Airbnb defeated Proposition F by combining mass advertising with crowd politics. It gave $8 million to political groups opposing it, then mobilized all the hosts and renters living in the city to convince their friends and neighbors.
When I read the news about the way Airbnb fought and finally defeated proposition F in San Francisco last week, I immediately thought about “The Assault on Reason”, Al Gore’s book from 2007. In it, he argues that campaign money alone, especially when spent on media and advertisement, can decide the outcome of any election.
In a message to the readers, published on Amazon’s website, Gore says, “Today, reason is under assault by forces using sophisticated techniques such as propaganda, psychology, and electronic mass media.”
On Nov. 2 (election day in the United States) San Franciscans went to the polls to vote, among other things, on Proposition F, known as the “Airbnb Initiative.”
The main argument in favor of the proposed rules was the belief that short-term rentals are hurting the city’s already limited housing supply.
Proposition F was not intended to close the Airbnb rentals in the city. Its proponents were asking to reduce the number of nights a host could rent out a room or property to 75 on all forms of short-term rental, and force Airbnb (and other internet rental sites) to disclose that information to the city. Current rules place no limits no limits to the number of nights per year a unit can be rented if the resident is present.
The proposed rules would have forced Airbnb and similar platforms to submit quarterly reports to the San Francisco Planning Department detailing which nights each unit was rented out and, most importantly, which nights the host occupied the unit. The proposition also sought to ban the use of in-law units — which are often created by adding a bathroom and kitchen to a basement or garage — for short-term rentals, many of them already illegal by city rules.
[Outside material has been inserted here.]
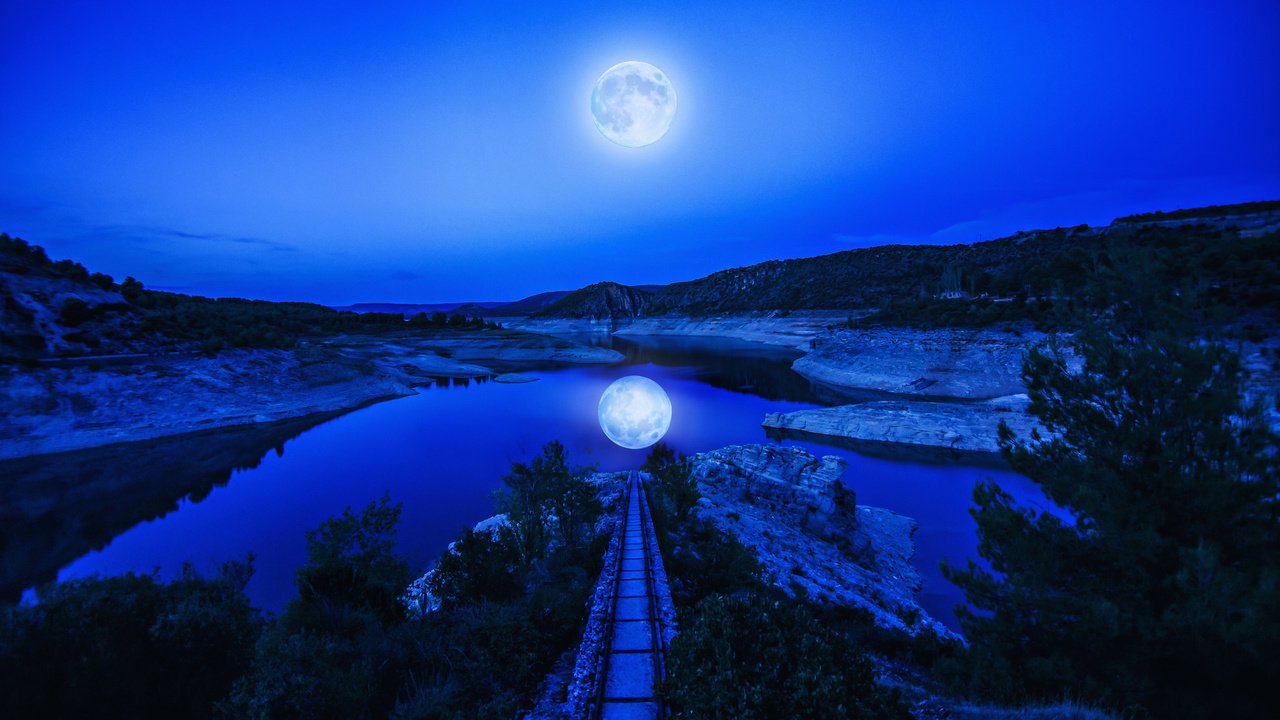 Обои ночь, озеро, природа, отражение, луна, пейзаж., night, lake, nature, reflection, the moon, landscape. разрешение 2048x1242 Загрузить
What Airbnb did to defeat Proposition F was a perfect example of how to combine mass advertising with crowd politics. It gave $8 million to political groups opposing Proposition F, then mobilized all the hosts and renters living in the city to convince their friends and neighbors.
According to Airbnb, San Francisco collects around $12 million a year in hotel tax from the Airbnb short-rental business, and the company was quick to emphasize that fact on billboards around the city as part of its campaign.
Ads such as the following appeared at many bus stops and on billboards:
- “Please use $12 million in hotel taxes to feed all expired parking meters.”
- “We hope you use some of the $12 million in hotel taxes to put escalators on all the hills.”
- “We hope you use some of the $12 million in hotel taxes to keep the library open later.”
- “Please use some of the $12 million in hotel taxes to keep music in schools.”
After some backlash from residents and city officials, Airbnb took down the ads and issued an apology.
“The intent was to show the hotel tax contribution from our hosts and guests, which is roughly $1 million per month. It was the wrong tone and we apologize to anyone who was offended. These ads are being taken down immediately,” said Airbnb spokesman Christopher Nulty.
Airbnb also ran ads on its website aimed at San Francisco residents. Whenever a guest with a local IP address used the site it was presented with ads such as this:
What Airbnb and Uber have become are multibillion-dollar companies without owning a single hotel or taxi, or having a single driver or host employed by them. They have lured local drivers and residents into make a living by breaking existing regulations. Uber and Airbnb constantly avoid disclosing the hosts and drivers to the authorities and have fueled an underground economy, whether local laws allow their business or not.
“Look at its historical game plan: It’s sort of an ‘ask forgiveness, not permission’ approach to moving into cities,” says Mike Issac in The New York Times. “Airbnb starts up widely in an area — San Francisco, for instance — and gets to a large enough scale that renting out one’s home starts to become a normal thing. Perhaps people even support it publicly, or at least rave about it to their friends.
“What is the lesson here? There will be a lot more of this type of thing from this type of company. Just look at Uber, which seems to have perfected the art of bum-rushing cities, then becoming a much-loved necessity to the population.”